Stanford junior Maverick McNealy winning the NCGA Amateur Match Play Championship wasn’t shocking. The way McNealy won the title, however, was.
Over his 123 holes combined at a tough Spyglass Hill course, McNealy went 32-under par. He’d have a stretch of 47 consecutive holes where he made par or better. In Monday’s opening stroke play qualifying round, he’d toss up a 7-under 65, the lowest competitive round ever at Spyglass Hill during an NCGA championship. McNealy’s two-day stroke play total of 8-under 136 also was a championship record and is the low 36-hole total for any NCGA event that’s been held at Spyglass Hill.
Upon his arrival, the Management Science and Engineering major was the No.2 ranked amateur in the world, having been honored with both the Jack Nicklaus Award and Haskins Award as NCAA Player of the Year.
Among his other feats and accomplishments:
- Leading the nation with a 68.70 scoring average.
- Firing a bogey-free, course record 9-under 61 at the Pac-12 Championship to earn medalist honors and help Stanford capture their second straight conference title. The 61 matched Stanford’s 18-hole scoring record, previously achieved by Tiger Woods in 1996 and Cameron Wilson in 2012.
- Setting a record for the lowest 72-hole score in the Pac-12 Championship (18-under 262).
- Winning the NCAA Regional at Chapel Hill for his sixth victory of the season (most among NCAA Division I players).
- Playing with the big boys at the PGA Tour Greenbrier Classic and Barbasol Championship. In both events, he’d make the cut.
It’s all been quite a turnaround from what was a ho-hum 2014 season. Just a year ago, McNealy had a stroke average of 72.25 for the Cardinal. His best finish was fourth place at The Goodwin. He tied for 55th at the NCAA Championship and had zero wins.
So what was it that turned him from a good player into a great one in just a year?
For one, it’s his putting. This year, McNealy is 3 to 4 strokes better per round on the greens.
“Since the start of my freshman year I’ve sought to determine my weaknesses,” McNealy said. “My putting was the best example of that. I’ve now turned that into a strength, and it’s been a big difference.”
In working on improving his prowess on the greens, and everywhere else on the course for that matter, McNealy decided to drop his other love—hockey—to give golf his full attention. Last year, he was playing hockey six months out of the year. This year, as he puts it, “I’ve had a golf club in my hand every day.”

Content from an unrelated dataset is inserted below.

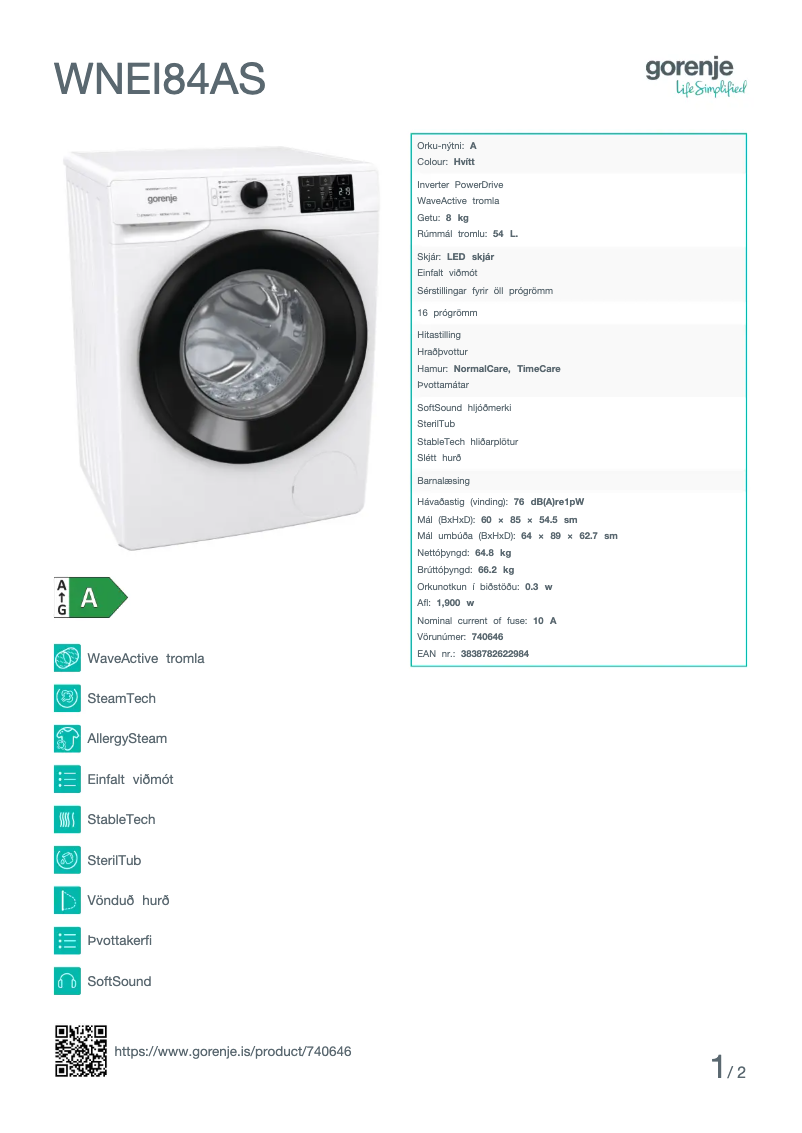 Page 1 de la notice Manuel utilisateur Gorenje WNEI84AS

His time on the rink, however, has paid dividends on the links. According to McNealy, hockey has helped him raise his potential. It’s also been great as a cross-trainer for golf.
“Hockey has been great for my hand-eye coordination. My swing is like a slap shot,” McNealy said. “Hockey builds strength and stability. When you’re in skates you’re basically balancing on two knives. That builds strength and stability, which you need when you swing a golf club. I’ve also been fortunate to not have any injuries Hockey also builds a strong core on the body, and that in turn has protected my back.”
For McNealy, there’s also been a change mentally. He doesn’t look at practicing on his game as work. He looks forward to time on the range and playing simply because he loves the game.
The 2015 version of McNealy doesn’t think about what his score is. It’s all about relaxing and having fun.
“It’s all now more process oriented than results oriented,” he said. “I give 100% each shot, and the results are the results. That takes a lot of pressure off me.”